In the above embodiment, the exhaust control valve is provided near the downstream open end of the exhaust pipe, but the present invention is not limited to this, and when it is provided at another place of the exhaust system, such as in the middle of the exhaust pipe. Is also effective and the present invention includes this. The motor that drives the exhaust control valve is not limited to the servo motor, and may be, for example, a stepping motor.

(Advantages of the Invention) As described above, the present invention monitors the intake pipe internal pressure and controls the exhaust control valve so that the internal pressure is minimized. Therefore, the present invention is not affected by operating conditions such as engine operating speed. The exhaust control valve can be rotated to an opening degree most suitable for obtaining the maximum output characteristic. In addition, it is not affected by changes in engine characteristics over time or environmental changes.

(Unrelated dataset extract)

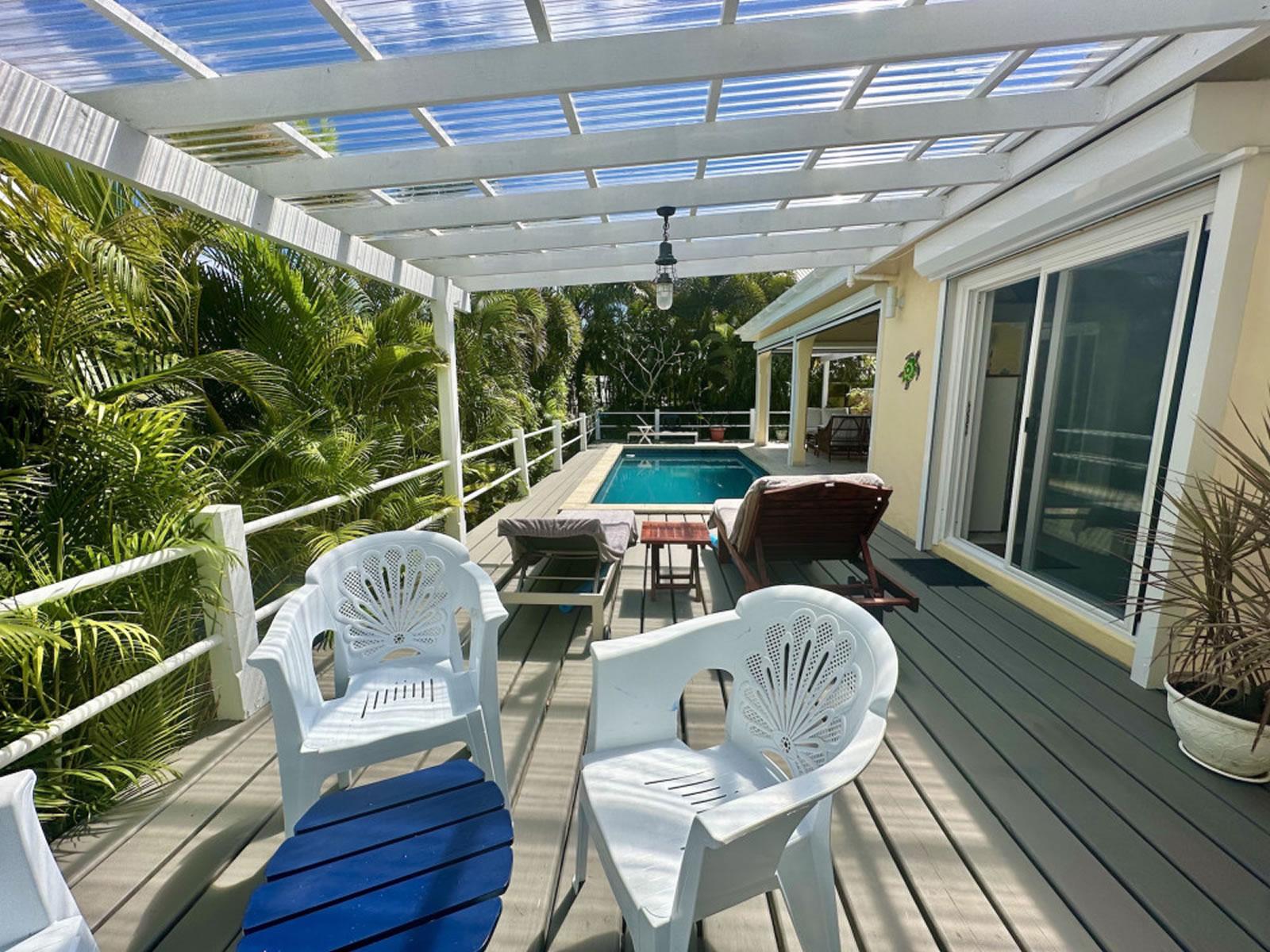 3 Bedroom House for Sale, Jolly Harbour, Antigua — photo 3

[Brief description of drawings]

FIG. 1 is an overall view showing an embodiment for a motorcycle of the present invention, FIG. 2 is a functional block diagram thereof, FIG. 3 is an operation explanatory view, and FIG. 4 is an operation flow chart. 20 …… Intake valve, 22 …… Exhaust valve, 40 …… Exhaust pipe, 44 …… Exhaust control valve, 50A …… Internal pressure detection means 62A …… Overlap detection means, 64A …… Internal pressure increase / decrease determination means, 66A …… Rotation direction discrimination means.

Claims (1)

[Claims] 1. A four-cycle engine including an exhaust control valve that changes an exhaust flow passage area according to an operating state of the engine, and an overlap detecting means for detecting an overlap between intake and exhaust valves of the engine, and the overlap detecting means. Internal pressure detection means for detecting the internal pressure of the intake pipe near the intake valve, internal pressure increase / decrease determination means for detecting an increase / decrease in the internal pressure of the intake pipe, and a direction in which the rotational direction of the exhaust control valve at which the internal pressure of the intake air is reduced An exhaust control device for an engine, comprising: a rotation direction determination unit that rotates the exhaust control valve.